## Task prompt
Below are the records; copy exactly the stretch from the line containing "NK SB Dunk Low Laser Blau" through the line containing "Vijay Palace By Delhi Igi Airport 4*", both ends included, and nothing else.

(Records for this task Opens)

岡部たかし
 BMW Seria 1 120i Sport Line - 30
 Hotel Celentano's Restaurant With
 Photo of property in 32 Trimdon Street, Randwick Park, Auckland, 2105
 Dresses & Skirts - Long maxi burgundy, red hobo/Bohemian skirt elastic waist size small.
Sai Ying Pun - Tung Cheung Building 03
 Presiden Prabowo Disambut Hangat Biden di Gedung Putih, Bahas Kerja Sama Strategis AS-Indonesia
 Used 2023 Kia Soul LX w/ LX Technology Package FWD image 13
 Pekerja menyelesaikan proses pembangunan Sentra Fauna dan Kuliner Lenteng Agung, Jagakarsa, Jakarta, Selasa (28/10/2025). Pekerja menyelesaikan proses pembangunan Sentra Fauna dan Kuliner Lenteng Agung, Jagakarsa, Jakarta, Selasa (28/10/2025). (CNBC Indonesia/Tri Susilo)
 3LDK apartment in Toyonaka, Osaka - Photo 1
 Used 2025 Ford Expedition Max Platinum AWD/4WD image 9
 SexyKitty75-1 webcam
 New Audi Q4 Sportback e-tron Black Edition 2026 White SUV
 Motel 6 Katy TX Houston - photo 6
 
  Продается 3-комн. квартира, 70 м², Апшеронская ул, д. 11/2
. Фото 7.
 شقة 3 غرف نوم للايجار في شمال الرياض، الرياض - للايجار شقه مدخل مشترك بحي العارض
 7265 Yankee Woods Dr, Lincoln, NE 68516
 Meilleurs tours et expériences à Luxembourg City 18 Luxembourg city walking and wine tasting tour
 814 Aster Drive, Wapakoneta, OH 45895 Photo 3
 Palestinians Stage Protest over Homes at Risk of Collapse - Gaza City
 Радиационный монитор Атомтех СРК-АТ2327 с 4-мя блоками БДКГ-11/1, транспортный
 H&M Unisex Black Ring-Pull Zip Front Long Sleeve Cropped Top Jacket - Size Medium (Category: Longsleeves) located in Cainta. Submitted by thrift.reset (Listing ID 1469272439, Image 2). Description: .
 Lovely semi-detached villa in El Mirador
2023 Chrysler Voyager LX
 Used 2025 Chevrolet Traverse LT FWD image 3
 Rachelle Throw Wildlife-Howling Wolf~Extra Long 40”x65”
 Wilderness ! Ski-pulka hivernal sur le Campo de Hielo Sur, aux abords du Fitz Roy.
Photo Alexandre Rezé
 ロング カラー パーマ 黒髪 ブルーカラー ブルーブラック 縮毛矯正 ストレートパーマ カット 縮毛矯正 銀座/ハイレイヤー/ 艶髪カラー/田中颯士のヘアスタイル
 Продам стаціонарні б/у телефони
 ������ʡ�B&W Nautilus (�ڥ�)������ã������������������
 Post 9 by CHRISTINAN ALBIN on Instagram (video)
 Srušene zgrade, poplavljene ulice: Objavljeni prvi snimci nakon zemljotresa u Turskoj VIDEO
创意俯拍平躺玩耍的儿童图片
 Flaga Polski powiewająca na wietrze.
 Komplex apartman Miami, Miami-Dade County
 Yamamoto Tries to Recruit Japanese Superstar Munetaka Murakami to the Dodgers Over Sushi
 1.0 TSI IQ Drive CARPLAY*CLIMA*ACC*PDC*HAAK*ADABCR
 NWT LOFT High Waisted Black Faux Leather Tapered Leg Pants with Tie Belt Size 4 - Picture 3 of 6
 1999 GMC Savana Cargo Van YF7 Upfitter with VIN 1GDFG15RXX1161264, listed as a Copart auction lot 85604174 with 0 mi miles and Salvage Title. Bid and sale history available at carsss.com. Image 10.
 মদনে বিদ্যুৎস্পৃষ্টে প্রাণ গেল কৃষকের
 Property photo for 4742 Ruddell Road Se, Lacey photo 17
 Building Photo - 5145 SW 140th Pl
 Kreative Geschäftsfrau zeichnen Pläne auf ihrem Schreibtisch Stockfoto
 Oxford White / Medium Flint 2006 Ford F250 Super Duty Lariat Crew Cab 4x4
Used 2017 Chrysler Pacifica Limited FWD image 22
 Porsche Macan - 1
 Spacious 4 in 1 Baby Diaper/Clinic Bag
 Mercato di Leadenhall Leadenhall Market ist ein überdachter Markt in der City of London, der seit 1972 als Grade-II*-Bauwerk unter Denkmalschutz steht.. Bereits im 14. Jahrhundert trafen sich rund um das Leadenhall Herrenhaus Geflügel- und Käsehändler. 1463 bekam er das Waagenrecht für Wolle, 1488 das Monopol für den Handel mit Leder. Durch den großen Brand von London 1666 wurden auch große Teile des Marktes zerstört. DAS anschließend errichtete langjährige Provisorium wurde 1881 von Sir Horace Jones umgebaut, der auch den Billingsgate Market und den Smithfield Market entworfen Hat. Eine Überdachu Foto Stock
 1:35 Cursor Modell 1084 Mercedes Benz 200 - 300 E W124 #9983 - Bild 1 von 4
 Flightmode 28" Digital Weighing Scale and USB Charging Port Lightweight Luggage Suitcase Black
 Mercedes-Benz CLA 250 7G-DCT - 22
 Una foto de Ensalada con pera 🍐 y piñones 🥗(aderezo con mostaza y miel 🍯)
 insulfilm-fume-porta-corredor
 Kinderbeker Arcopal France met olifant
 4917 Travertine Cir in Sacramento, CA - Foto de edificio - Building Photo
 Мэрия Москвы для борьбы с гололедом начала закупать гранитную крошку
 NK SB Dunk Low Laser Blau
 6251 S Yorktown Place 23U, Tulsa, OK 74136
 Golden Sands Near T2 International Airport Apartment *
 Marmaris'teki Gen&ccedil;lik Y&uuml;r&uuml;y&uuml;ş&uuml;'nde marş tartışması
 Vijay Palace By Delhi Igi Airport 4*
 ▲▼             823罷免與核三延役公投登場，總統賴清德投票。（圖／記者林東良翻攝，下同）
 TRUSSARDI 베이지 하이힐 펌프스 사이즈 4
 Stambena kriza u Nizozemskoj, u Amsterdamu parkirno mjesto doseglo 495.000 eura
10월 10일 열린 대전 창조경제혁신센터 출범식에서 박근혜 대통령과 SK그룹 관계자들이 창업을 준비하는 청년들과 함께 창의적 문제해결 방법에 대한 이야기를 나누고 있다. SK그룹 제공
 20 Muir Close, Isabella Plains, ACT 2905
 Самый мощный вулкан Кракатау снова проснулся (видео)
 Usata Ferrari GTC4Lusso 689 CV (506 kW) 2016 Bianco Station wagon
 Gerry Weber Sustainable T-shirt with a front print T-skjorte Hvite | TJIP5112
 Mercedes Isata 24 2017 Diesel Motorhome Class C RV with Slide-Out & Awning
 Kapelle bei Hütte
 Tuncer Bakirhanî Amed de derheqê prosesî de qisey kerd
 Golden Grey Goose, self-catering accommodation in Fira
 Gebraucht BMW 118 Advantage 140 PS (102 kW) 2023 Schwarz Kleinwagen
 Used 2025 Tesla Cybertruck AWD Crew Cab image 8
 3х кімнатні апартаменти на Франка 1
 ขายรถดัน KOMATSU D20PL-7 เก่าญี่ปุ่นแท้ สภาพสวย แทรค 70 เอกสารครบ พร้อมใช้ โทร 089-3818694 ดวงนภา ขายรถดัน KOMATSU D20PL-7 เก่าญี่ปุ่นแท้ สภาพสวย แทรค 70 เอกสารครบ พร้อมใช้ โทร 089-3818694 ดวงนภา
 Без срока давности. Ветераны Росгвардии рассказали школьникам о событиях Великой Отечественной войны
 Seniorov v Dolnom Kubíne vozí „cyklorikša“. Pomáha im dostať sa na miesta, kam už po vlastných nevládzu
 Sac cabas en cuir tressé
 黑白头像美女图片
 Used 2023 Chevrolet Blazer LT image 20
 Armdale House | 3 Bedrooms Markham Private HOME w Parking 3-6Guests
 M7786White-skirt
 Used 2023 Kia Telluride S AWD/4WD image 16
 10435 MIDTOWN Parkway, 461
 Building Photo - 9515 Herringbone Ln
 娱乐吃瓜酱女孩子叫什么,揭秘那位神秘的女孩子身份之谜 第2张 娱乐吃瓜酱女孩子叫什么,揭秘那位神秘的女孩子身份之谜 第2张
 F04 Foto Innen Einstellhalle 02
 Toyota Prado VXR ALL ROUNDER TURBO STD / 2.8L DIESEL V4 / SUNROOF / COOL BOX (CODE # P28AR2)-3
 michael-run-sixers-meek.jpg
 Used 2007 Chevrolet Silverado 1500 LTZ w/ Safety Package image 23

(Records for this task Closes)

## Result
 NK SB Dunk Low Laser Blau
 6251 S Yorktown Place 23U, Tulsa, OK 74136
 Golden Sands Near T2 International Airport Apartment *
 Marmaris'teki Gen&ccedil;lik Y&uuml;r&uuml;y&uuml;ş&uuml;'nde marş tartışması
 Vijay Palace By Delhi Igi Airport 4*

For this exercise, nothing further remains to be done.